THE CLIENT WISDOM BLOG PUBLISHED BY MBT MORE BUSINESS TODAY LLC
Most of the clients I coach in developing business hate the idea of it, because they do not want to be sales-y. “You don’t expect me to cold call, do you? Because I will not do that,” they say. I also hate cold calling. I hate being cold called or cold emailed or cold texted or whatever else sales people are doing coldly. I am in favor of the warm lead and the warm reach out.
Lately, I have been so annoyed by the kinds of sales emailed at me, I decided I have to write a blog about it. These tactics are, I believe, universally annoying. Whether you are a person who holds a position within a company to make purchasing decisions or someone, like me, who owns your own business, being approached in these ways is likely to not make a sale. In fact, it is likely to generate annoyance and distrust from your potential customer. Worst of all, it is likely to leave a huge negative impact on the brand itself.
- Don’t Act Like You Know Me When We Have Not Met.
This type of cold emailing goes something like this, “Hi Mary, Just checking in regarding your website. I know you are interested in reaching as many potential clients as possible.” I admit the “just checking in” makes me pause in case the person is actually someone I met while networking or with whom I am LinkedIn. When I realize I never met them, it becomes annoying. You don’t “know” anything about me, so leave me alone!
- Don’t Act Like I Owe You Something When We Have Never Spoken.
Here is a direct quote, “I’ve reached out to you thrice before without receiving a response, but I’m not going to give up easily.” Seriously? I do not owe you a response simply because you bought a list that has my email on it. For many of these sales methods, it is clear they are using an old list. They are spamming my personal email rather than my business email. Ouch!

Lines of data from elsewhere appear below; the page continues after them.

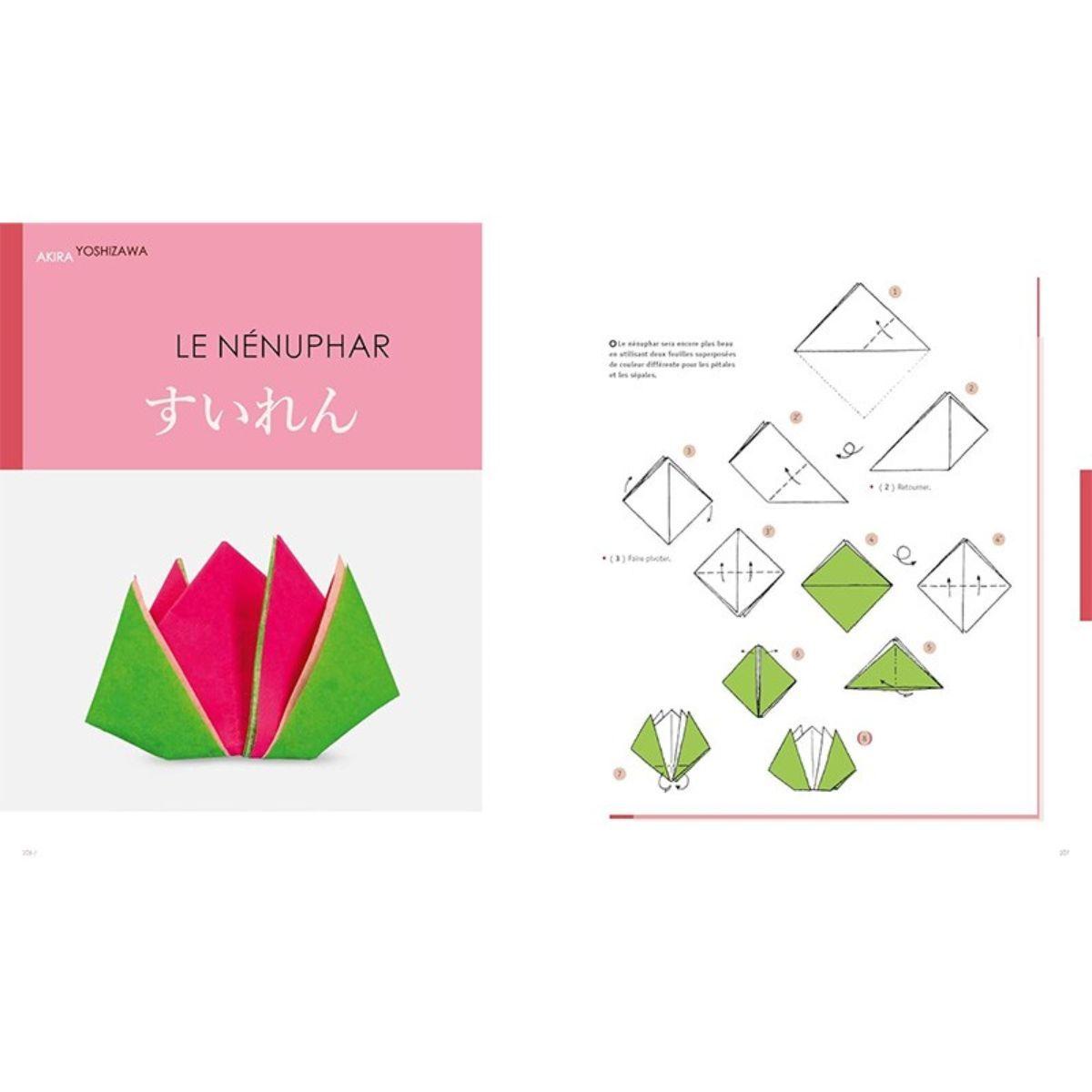 Libro El Arte del Origami De Akira Yoshizawa-2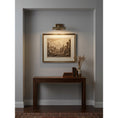 Load image into Gallery viewer, Steamer Wall Sconce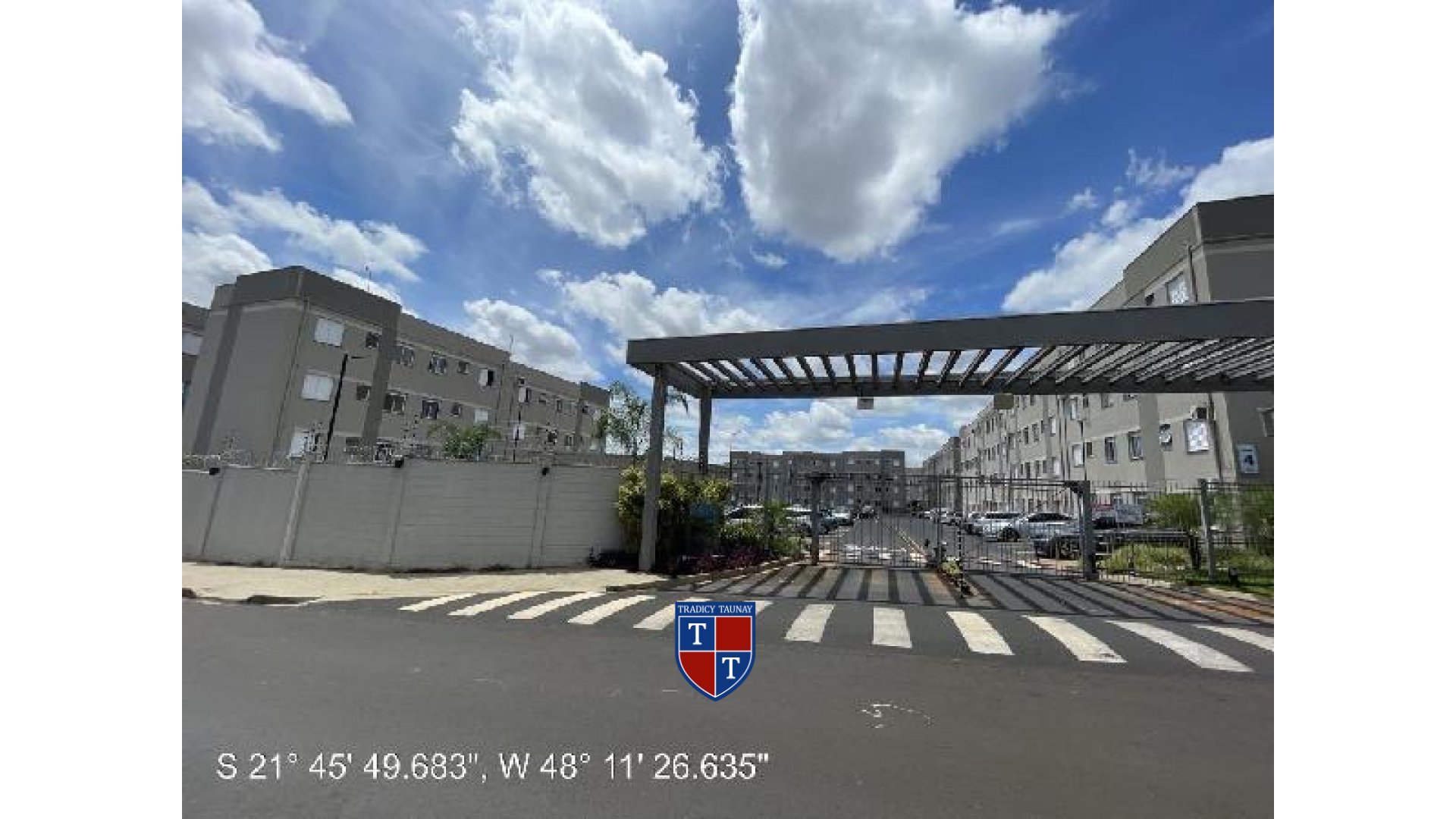 Foto 1 de APARTAMENTO em JARDIM RESIDENCIAL PARAISO - Imóvel Retomado Caixa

- Don’t Tell Me I’m Stupid.
I want to lash out with a response to these emails, because they are the absolute opposite of what you should do when establishing a relationship with a potential client. But, I hold myself back. Someone please explain to me why a sales person believes degrading and humiliating a potential client and their business will lead to success? What am I talking about? The emails that start with, “I looked at your website and see you are trying to establish your brand. Unfortunately, It is clear your tactics just aren’t doing the trick. Here’s how I can fix it for you.”
Another one in this genre talks down to the potential customer, me in this case, as if we are too inexperienced and unsophisticated to understand the world of technology. “In the digital frontier, (people like you) often find themselves wrestling with a rowdy gang of technological roadblocks.” As I continued to read this email, I was impressed with the prose but the resulting message to me came across as, “Don’t worry your pretty little head about technology. Us brave smarties will save you and your company with our intense skills.” Yuck!
- Don’t Assume I Am Going To Miss Out on Something by Not Replying To You.
This scheme is age-old. “I can save you 83%…” or “You really need to respond now to take advantage of this deal!” No, I don’t. Save me 83% of what? Because, I never planned to spend money the way you want me to spend it on your product. Enough said.
- Don’t Clog Up My Email Box.
As a coach, I receive multiple emails every day from businesses asking me, “Can you take on 100 new clients?” or “Do you need 50 new qualified leads per month?” This strategy makes me laugh the most, because they plan to set me up with leads so I can do the same thing to someone else they are doing to me. Spamming. Shaming. Annoying. Misrepresenting. Just no, no, no!
- Think beyond this moment. You can make a fast sale, or work harder to develop a trusting relationship.
- Misrepresenting yourself at the outset of a relationship smashes trust to bits. If you start that way, it’s over before you begin.
- A happy customer is a repeat customer, and likely to become a referral source.